Не увяла ни через год, ни через два, ни через три.
2
Мы познакомились во время отпуска на Кипре. Лёня лет десять не отдыхал и еще двадцать не брал бы отпуск, если бы не моя настырность. Выдержать неделю праздности для него подвиг. Он фанатично предан науке и своим исследованиям. Работа для него – мощнейший стимулятор, абсолютное удовольствие, наркотик и смысл жизни. Все остальное, кроме работы, имеет вспомогательные функции, обеспечивает тылы, короткие передышки-отвлечения от главного, дает возможность не превратиться окончательно в схимника. Наука – это девяносто процентов его жизненных приоритетов. Дети, жена, семья, родители, искусство, политическая и социальная обстановка в стране и в мире и прочие нормально-человеческие интересы – десять процентов. Я себя тешу – десять процентов, а возможно, и того меньше. Как я живу с таким фанатиком-эгоистом?
Аналогичный вопрос можно задать супругам гениальных писателей, художников, режиссеров и ученых всех профилей – любых гениев. Правда, гении бывают липовые, а женское служение остается истовым. Если отбросить тех жен, что еще при жизни супругов примериваются к роли вдовствующей наследницы – как они будут делиться воспоминаниями, раздавать интервью. А пока терпят-терпят и любовниц, и то, что душевная привязанность мужа, его сердце, мечты и страсть принадлежат другим. Против «других» у них есть мощное оружие – штамп в паспорте. Если отбросить этих меркантильных любительниц пиара и спросить героических терпивиц, как они выносят дурной нрав, бытовую беспомощность, оголтелый эгоизм своих избранников, то другого ответа, кроме: «Мне с ним интересно», они не услышат.
В отеле было много соотечественников, и российские детишки на пляже быстро заняли доминирующие позиции, оттерев в сторону немцев, англичан и прочих французов. Нашим дочерям – десятилетней Лизе и пятилетней Вике – наскучило играть с ровесниками и они захватили в плен трехлетнего Саввушку. Лёня говорил, что у девочек проснулся материнский инстинкт. Саввушка мог разбудить подобный инстинкт даже у сухой коряги.

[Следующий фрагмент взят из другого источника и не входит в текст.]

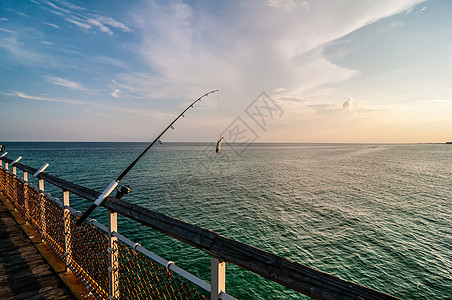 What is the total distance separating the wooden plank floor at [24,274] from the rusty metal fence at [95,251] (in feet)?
0.86

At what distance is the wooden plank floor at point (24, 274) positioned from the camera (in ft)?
10.7

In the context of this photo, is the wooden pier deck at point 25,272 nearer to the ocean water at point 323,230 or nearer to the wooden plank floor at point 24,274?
the wooden plank floor at point 24,274

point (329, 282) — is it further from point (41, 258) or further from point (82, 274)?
point (41, 258)

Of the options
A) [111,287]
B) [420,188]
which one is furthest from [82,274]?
[420,188]

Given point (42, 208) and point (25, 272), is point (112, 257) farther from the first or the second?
point (42, 208)

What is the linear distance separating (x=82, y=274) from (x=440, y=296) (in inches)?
583

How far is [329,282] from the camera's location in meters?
1.17

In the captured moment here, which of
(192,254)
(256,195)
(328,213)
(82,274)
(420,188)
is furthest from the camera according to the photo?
(420,188)

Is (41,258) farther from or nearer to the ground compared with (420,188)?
farther from the ground

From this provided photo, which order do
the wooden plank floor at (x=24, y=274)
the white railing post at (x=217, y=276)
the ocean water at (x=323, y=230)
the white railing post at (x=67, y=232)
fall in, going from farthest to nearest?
1. the ocean water at (x=323, y=230)
2. the white railing post at (x=67, y=232)
3. the wooden plank floor at (x=24, y=274)
4. the white railing post at (x=217, y=276)

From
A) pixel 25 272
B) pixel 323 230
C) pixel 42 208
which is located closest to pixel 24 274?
pixel 25 272

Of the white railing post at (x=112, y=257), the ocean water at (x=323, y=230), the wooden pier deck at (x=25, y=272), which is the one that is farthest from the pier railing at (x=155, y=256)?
the ocean water at (x=323, y=230)

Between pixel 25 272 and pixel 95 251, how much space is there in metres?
1.12

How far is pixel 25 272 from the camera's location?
3.76 metres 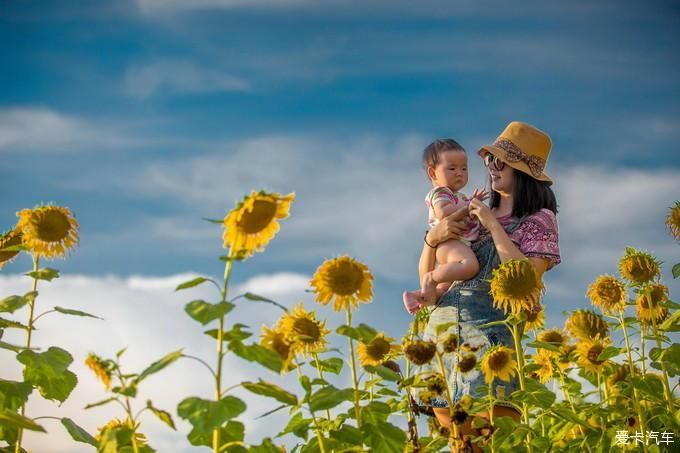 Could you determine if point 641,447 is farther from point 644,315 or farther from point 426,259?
point 426,259

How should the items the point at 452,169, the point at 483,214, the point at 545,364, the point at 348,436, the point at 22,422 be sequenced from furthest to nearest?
the point at 452,169
the point at 545,364
the point at 483,214
the point at 348,436
the point at 22,422

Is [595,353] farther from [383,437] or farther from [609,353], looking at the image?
[383,437]

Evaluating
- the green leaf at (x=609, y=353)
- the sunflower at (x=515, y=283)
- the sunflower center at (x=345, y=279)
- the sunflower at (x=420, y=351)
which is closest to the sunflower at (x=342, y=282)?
the sunflower center at (x=345, y=279)

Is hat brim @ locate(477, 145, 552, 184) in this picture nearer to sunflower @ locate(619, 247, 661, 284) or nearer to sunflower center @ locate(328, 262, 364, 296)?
sunflower @ locate(619, 247, 661, 284)

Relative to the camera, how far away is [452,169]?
582cm

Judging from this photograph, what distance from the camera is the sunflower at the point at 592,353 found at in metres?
5.23

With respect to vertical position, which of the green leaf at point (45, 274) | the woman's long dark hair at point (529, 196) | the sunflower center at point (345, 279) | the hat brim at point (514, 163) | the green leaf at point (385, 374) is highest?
the hat brim at point (514, 163)

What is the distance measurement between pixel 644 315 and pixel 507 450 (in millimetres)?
1705

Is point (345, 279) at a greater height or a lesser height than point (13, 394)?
greater

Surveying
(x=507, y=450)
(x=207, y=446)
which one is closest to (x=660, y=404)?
(x=507, y=450)

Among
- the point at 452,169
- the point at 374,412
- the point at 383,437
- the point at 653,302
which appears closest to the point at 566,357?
the point at 653,302

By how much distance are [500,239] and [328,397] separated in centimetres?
204

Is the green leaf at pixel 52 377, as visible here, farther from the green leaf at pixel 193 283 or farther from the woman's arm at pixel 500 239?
the woman's arm at pixel 500 239

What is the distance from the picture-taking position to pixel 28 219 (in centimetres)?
412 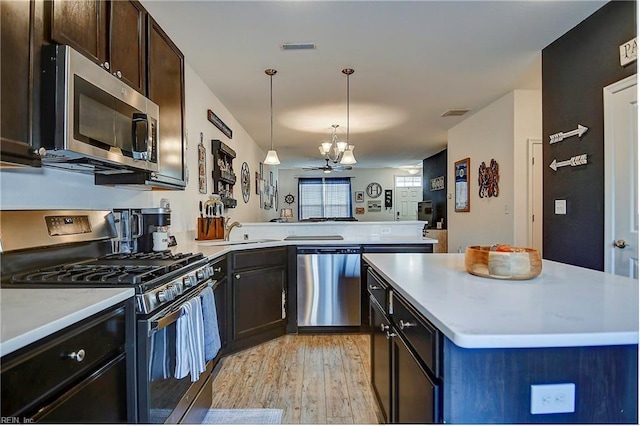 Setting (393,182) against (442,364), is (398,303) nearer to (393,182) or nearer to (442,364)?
(442,364)

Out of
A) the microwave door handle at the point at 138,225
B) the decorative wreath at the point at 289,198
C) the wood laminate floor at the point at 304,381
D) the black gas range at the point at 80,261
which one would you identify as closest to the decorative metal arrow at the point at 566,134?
the wood laminate floor at the point at 304,381

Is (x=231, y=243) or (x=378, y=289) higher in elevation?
(x=231, y=243)

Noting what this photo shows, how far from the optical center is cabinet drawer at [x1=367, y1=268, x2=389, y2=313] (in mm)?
1681

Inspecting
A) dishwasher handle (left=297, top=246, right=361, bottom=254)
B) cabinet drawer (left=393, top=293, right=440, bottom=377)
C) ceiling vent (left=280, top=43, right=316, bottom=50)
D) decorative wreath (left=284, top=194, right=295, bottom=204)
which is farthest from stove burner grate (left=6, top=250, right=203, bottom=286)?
decorative wreath (left=284, top=194, right=295, bottom=204)

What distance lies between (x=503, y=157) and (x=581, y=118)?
5.48ft

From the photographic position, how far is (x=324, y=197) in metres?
11.6

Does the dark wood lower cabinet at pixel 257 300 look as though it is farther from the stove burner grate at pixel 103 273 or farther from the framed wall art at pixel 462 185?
the framed wall art at pixel 462 185

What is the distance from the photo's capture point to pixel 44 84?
123cm

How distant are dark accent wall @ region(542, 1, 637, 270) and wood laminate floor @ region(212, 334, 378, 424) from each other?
187 centimetres

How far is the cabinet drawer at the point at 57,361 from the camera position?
796 millimetres

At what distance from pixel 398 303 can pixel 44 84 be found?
1.49 m

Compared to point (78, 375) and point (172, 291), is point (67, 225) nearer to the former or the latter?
point (172, 291)

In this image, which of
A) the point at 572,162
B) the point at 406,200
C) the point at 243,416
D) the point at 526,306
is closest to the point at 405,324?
the point at 526,306

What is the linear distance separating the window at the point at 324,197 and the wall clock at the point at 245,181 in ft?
17.8
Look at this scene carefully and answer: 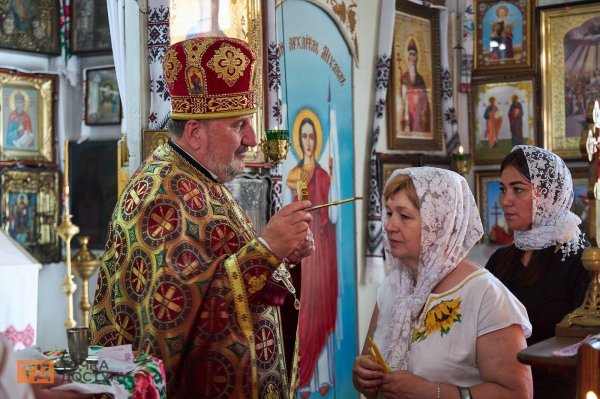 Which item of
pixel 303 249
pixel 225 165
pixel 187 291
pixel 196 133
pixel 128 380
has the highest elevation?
pixel 196 133

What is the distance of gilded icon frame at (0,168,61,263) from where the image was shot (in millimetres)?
6859

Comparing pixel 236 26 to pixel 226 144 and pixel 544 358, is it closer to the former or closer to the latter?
pixel 226 144

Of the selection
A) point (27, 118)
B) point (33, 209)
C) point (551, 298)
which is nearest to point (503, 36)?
point (27, 118)

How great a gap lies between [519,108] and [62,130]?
12.3 feet

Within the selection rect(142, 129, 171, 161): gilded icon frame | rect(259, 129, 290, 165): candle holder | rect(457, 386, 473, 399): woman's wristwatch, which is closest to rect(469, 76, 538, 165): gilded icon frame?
rect(259, 129, 290, 165): candle holder

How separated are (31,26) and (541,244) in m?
4.52

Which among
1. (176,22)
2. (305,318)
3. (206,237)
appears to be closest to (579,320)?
(206,237)

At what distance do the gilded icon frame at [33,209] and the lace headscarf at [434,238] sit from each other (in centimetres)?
437

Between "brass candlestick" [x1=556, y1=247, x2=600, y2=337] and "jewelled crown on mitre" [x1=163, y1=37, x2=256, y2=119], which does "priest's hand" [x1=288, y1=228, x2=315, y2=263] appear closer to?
"jewelled crown on mitre" [x1=163, y1=37, x2=256, y2=119]

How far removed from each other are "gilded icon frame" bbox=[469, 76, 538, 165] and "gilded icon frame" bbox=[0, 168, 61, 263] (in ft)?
11.6

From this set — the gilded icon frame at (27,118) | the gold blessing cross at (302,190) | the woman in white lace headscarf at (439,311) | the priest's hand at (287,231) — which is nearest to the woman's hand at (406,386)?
the woman in white lace headscarf at (439,311)

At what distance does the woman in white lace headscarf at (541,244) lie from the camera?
3668 mm

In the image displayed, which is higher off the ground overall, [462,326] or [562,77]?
[562,77]

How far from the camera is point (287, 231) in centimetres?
311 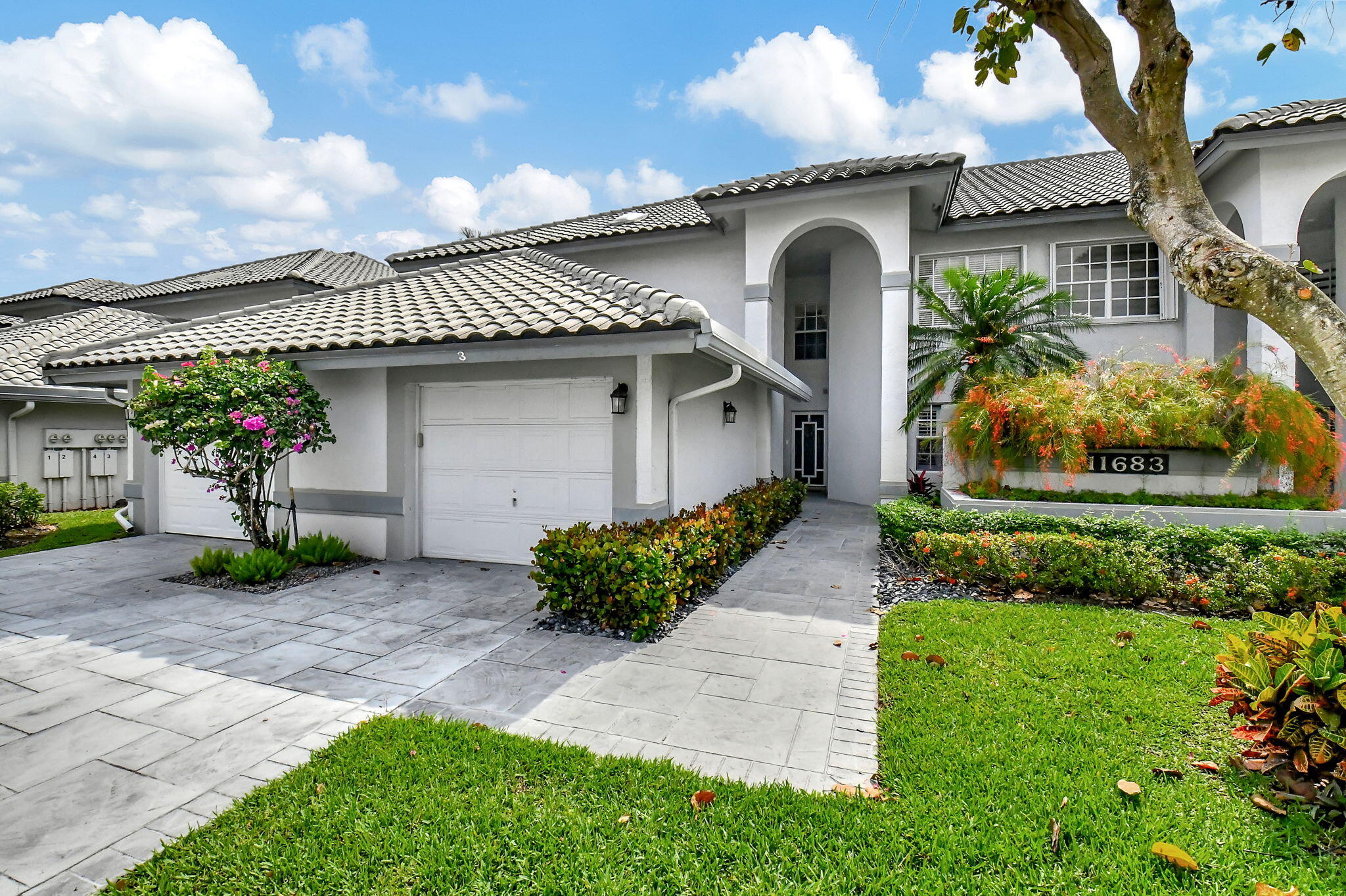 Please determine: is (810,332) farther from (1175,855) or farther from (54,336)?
(54,336)

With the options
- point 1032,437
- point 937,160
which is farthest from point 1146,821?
point 937,160

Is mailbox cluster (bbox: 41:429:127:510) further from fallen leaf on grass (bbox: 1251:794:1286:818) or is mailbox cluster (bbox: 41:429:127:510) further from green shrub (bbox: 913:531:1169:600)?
fallen leaf on grass (bbox: 1251:794:1286:818)

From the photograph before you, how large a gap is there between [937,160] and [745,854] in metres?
11.0

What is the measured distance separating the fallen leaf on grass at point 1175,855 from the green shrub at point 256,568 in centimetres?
795

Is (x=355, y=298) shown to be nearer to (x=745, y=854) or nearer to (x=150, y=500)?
(x=150, y=500)

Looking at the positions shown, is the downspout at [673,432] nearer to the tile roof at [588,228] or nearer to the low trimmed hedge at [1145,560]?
the low trimmed hedge at [1145,560]

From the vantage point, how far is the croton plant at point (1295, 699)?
2.62 metres

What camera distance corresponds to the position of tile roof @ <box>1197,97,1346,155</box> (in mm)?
9266

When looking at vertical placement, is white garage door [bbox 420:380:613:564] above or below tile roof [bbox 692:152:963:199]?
below

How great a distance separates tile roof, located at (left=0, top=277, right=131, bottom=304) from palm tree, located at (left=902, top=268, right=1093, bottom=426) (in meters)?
24.7

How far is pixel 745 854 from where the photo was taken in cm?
248

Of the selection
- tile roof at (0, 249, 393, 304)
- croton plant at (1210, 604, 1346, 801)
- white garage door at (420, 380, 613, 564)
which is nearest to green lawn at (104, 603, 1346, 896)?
croton plant at (1210, 604, 1346, 801)

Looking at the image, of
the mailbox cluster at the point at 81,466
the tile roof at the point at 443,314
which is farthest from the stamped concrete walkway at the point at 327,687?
the mailbox cluster at the point at 81,466

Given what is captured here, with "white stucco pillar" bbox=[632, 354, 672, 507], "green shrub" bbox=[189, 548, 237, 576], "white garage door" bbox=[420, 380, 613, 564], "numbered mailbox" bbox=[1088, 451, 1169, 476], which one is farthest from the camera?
"numbered mailbox" bbox=[1088, 451, 1169, 476] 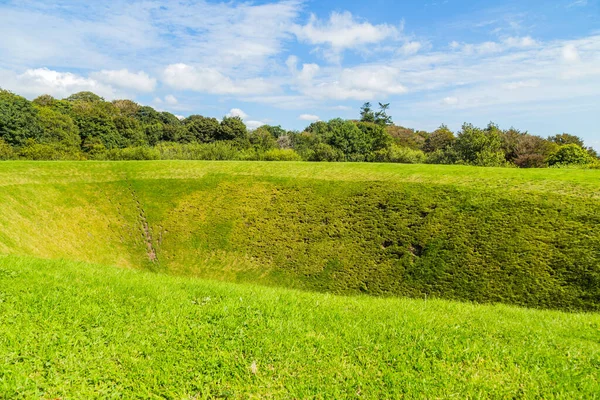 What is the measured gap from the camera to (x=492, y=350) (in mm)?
6535

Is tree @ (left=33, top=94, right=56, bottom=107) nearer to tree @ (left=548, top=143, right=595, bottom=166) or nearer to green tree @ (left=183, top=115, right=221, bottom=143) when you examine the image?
green tree @ (left=183, top=115, right=221, bottom=143)

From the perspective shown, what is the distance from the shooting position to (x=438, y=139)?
3861 inches

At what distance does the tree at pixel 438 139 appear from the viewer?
315 feet

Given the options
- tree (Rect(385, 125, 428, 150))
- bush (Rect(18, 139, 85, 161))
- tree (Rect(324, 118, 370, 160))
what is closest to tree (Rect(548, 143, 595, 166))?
tree (Rect(324, 118, 370, 160))

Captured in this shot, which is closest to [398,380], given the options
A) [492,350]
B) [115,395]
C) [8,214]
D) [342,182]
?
[492,350]

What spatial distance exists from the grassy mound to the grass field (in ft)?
0.40

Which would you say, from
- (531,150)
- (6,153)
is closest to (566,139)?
(531,150)

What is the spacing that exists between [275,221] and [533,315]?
19.1 meters

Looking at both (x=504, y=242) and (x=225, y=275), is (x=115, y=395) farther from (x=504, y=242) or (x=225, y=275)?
(x=504, y=242)

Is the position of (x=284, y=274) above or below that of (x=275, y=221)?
below

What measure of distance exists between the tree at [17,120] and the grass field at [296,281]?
45.9 meters

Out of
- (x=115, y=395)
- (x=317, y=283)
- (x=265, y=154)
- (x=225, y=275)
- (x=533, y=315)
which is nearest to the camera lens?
(x=115, y=395)

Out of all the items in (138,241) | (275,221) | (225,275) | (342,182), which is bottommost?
(225,275)

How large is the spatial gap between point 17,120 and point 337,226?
69955 mm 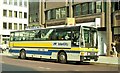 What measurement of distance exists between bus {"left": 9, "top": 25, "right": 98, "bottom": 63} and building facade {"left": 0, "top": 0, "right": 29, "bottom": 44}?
49.0m

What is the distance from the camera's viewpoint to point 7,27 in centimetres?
7956

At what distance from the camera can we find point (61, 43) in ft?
80.6

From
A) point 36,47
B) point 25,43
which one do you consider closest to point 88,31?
point 36,47

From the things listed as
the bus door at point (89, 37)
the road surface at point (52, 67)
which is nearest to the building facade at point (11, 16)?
the bus door at point (89, 37)

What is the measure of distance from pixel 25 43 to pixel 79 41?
7.73 m

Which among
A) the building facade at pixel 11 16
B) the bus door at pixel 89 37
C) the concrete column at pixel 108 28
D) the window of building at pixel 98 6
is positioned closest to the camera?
the bus door at pixel 89 37

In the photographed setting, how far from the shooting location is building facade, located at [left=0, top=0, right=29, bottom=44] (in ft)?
256

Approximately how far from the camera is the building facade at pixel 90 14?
36.6 m

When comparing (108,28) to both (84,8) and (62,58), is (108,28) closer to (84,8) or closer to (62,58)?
(84,8)

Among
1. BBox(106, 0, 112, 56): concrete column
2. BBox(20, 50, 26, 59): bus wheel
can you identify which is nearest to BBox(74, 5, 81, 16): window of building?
BBox(106, 0, 112, 56): concrete column

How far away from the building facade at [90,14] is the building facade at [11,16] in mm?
31369

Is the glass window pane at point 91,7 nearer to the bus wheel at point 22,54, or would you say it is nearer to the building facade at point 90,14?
the building facade at point 90,14

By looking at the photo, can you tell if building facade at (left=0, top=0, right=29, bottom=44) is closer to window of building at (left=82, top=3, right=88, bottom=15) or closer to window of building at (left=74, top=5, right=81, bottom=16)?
window of building at (left=74, top=5, right=81, bottom=16)

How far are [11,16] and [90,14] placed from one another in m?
44.5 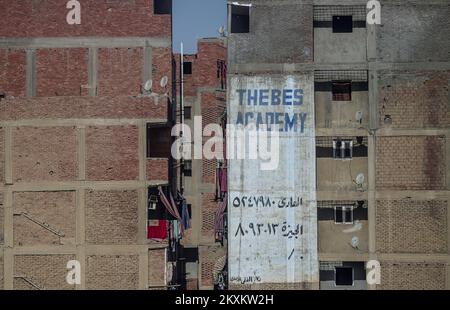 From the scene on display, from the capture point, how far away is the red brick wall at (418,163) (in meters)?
29.2

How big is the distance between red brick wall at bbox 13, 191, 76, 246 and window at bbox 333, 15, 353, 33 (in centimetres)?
1250

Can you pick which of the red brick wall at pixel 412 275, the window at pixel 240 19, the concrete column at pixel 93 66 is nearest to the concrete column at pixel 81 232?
the concrete column at pixel 93 66

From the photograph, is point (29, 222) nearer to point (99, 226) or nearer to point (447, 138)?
point (99, 226)

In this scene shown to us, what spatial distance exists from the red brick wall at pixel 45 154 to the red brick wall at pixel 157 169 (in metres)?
2.89

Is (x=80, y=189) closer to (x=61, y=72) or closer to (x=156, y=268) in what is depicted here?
(x=156, y=268)

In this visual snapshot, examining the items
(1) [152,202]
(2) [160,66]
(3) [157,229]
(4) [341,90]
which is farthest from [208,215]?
(4) [341,90]

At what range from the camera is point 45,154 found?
2931 centimetres

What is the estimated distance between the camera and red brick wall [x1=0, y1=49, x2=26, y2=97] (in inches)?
1225

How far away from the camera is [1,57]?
31188mm

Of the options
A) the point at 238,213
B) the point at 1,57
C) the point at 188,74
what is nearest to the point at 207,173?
the point at 188,74

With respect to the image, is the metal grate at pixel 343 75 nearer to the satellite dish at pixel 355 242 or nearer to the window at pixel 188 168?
the satellite dish at pixel 355 242

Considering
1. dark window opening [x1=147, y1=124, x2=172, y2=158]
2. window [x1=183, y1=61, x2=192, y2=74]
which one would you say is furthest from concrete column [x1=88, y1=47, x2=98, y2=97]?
window [x1=183, y1=61, x2=192, y2=74]

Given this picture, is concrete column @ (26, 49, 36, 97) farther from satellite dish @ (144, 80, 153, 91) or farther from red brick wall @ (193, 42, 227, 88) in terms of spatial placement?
red brick wall @ (193, 42, 227, 88)

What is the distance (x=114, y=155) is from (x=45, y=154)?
8.87ft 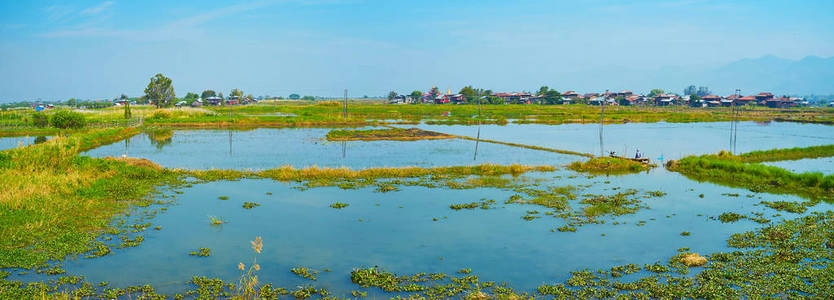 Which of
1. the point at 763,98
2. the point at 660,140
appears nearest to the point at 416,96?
the point at 763,98

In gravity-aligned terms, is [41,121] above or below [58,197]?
above

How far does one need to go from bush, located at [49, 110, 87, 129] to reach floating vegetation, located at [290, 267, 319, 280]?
122 feet

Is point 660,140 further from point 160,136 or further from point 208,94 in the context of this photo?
point 208,94

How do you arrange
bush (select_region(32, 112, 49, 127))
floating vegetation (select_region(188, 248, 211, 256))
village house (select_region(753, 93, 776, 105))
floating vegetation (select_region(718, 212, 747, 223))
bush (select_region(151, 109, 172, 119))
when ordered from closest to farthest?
floating vegetation (select_region(188, 248, 211, 256))
floating vegetation (select_region(718, 212, 747, 223))
bush (select_region(32, 112, 49, 127))
bush (select_region(151, 109, 172, 119))
village house (select_region(753, 93, 776, 105))

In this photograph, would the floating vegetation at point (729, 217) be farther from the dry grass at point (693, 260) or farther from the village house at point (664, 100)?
the village house at point (664, 100)

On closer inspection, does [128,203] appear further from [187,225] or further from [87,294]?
[87,294]

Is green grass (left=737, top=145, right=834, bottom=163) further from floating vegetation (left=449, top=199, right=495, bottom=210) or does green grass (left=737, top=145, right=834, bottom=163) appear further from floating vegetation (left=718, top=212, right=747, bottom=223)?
floating vegetation (left=449, top=199, right=495, bottom=210)

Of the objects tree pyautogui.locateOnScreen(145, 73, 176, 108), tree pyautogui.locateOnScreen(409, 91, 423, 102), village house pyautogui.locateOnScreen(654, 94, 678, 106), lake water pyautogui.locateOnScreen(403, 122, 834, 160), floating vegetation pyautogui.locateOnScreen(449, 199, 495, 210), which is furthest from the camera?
tree pyautogui.locateOnScreen(409, 91, 423, 102)

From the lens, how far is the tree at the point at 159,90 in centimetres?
8225

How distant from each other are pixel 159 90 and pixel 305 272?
8413cm

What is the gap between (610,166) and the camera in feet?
77.2

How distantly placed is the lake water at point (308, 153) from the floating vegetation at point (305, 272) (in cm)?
1338

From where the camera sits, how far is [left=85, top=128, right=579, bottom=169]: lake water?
80.5ft

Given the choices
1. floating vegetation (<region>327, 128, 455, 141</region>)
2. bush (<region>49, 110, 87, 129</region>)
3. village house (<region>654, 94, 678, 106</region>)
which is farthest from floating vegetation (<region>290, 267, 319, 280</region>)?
village house (<region>654, 94, 678, 106</region>) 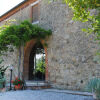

Все маленькие дети умилительны и трогательны. Но ничто в жизни, даже детская непосредственность, не бывает одинаковым, в равной степени. Саввушка тогда был очарователен в высшей степени, до полного растворения сердца. Большеголовый, с прямыми плечами, твердыми ножками, он еще не потерял младенческую пухлость, а крепкий скелет уже начал формироваться. Он был похож на маленький коробок и коренастой фигурой зримо отличался от прочих стройненьких трехлеток. У Саввушки были огромные, непропорционально большие даже при широких скулах серо-голубые глаза. Эти глаза смотрели на вас, на море, на сосны за пляжем – на мир с непередаваемой верой, надеждой и ожиданием чуда. Мне даже становилось неловко – в этих глазах купаешься, как в чистом источнике, – и подчас охватывала грусть: жизнь сурова, и когда-нибудь она смоет из серого-голубого родника веру в чудо, в то, что все люди прекрасны и желают добра, что самому тебе покорятся любые вершины и все океаны будут по колено.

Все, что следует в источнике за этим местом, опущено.